Table 1 – I/O Data of the (CAV-) AIM
| Input data | Description |
| Point of View | Passenger’s Point of View looking at environment. |
| Audio-Visual Scene Descriptors | Audio-Visual representation of the environment. |
| Audio Object | User authentication, command/interaction with HCI, etc. and environment Audio. |
| Text Object | Text complementing/replacing User input |
| Visual Object | Environment perception, User authentication, command/interaction with HCI, etc. and environment Visual. |
| AMS-HCI Message | AMS response to HCI request. |
| Ego-Remote HCI Message | Remote HCI to Ego HCI. |
| Output data | Description |
| Text Object | HCI’s output Text. |
| Speech Object | HCT’s avatar Speech. |
| Audio Object | HCI’s avatar or FED Audio. |
| Visual Object | HCI’s avatar or FED Visual. |
| AMS-HCI Message | HCI request to AMS, e.g., Route or Point of View. |
| Ego-Remote HCI Message | Ego HCI to Remote HCI. |
4 SubAIMs
4.1 Reference Model
Figure 2 depicts the Reference Model of Human-CAV (MMC-HCI) Composite AIM.

Figure 2 – Reference Model of Human-CAV (MMC-HCI) Composite AIM
4.2 Operation
The operation of the HCI subsystem is described by the following scenario where a group of humans is approaching the CAV outside the CAV or is sitting inside the CAV:
- Audio-Visual Scene Description (AVS) produces:
- Speech Scene Descriptors in the form of Speech Objects corresponding to each speaking human in the Environment (outside or inside the CAV).
- Visual Scene Descriptors in the form of Descriptors of Faces and Bodies.
- All non-Speech Objects are removed from the Speech Scene or signalled in the Audio Scene.
- Automatic Speech Recognition (ASR) recognises the speech of each human and produces Recognised Text supporting multiple Speech Objects as input properly identified by their Spatial Attitudes.
- Visual Object Identification (VOI) produces Instance IDs of Visual Objects indicated by humans.
- Natural Language Understanding (NLU) produces Refined Text and extracts Meaning from the Recognised Text of each Input Speech using the spatial information of Visual Object Identifiers.
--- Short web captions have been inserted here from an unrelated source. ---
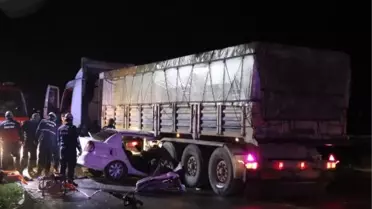 Şanlıurfa'da TIR Kazasında Hayatını Kaybeden 3 Arkadaş Toprağa Verildi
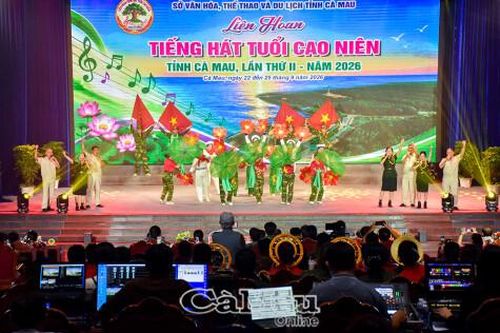 Khai mạc Liên hoan Tiếng hát tuổi cao niên tỉnh Cà Mau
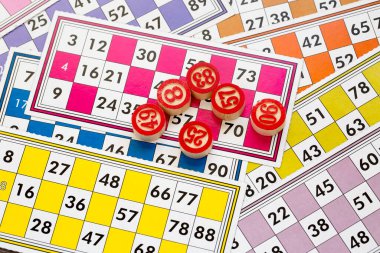 Renkli bingo kartları ve beyaz arkaplandaki numaralar, kapatın, izole edilmiş.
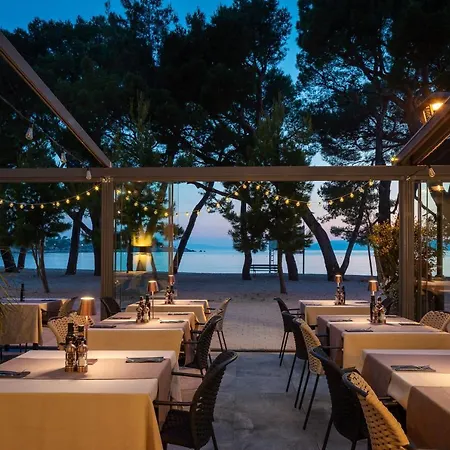9 4* ماكارسكا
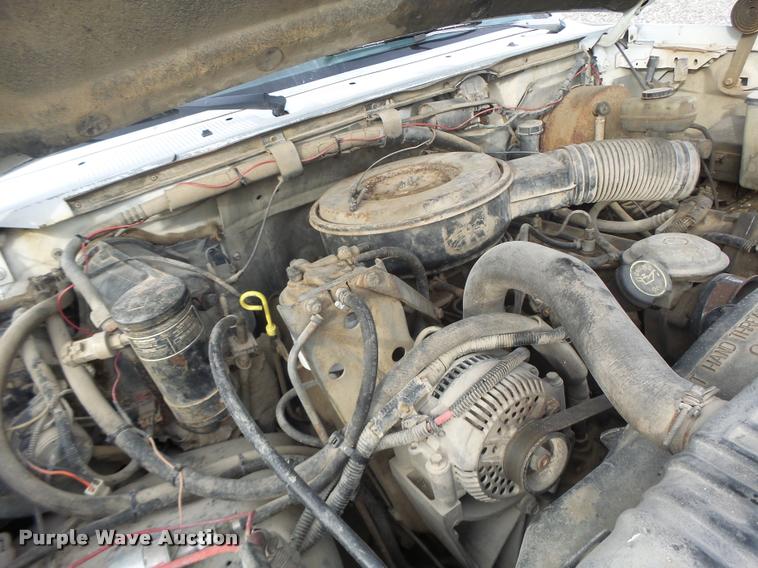 image for item K5545 1992 Ford F350 flatbed pickup truck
Refined Text is either the refined Recognised Text from the Automatic Speech Recognition or the direct Input Text, depending on which one is being used. Meaning is always computed based on the Recognised or Input Text, depending on which is available.
- Speaker Identity Recognition (SIR) and Face Identity Recognition (FIR) identify the humans the HCI is interacting with. If FIR provides Face IDs corresponding to the Speaker IDs, Entity Dialogue Processing AIM can correctly associate the Speaker IDs (and the corresponding Text) with the Face IDs.
- Personal Status Extraction (PSE) extracts the Personal Status of the humans.
- Entity Dialogue Processing (EDP)
- Communicates with the Autonomous Motion Subsystem of
- The Ego CAV to request to:
- Move the CAV to a destination.
- Views the Full Environment Descriptors for the passengers’ benefit.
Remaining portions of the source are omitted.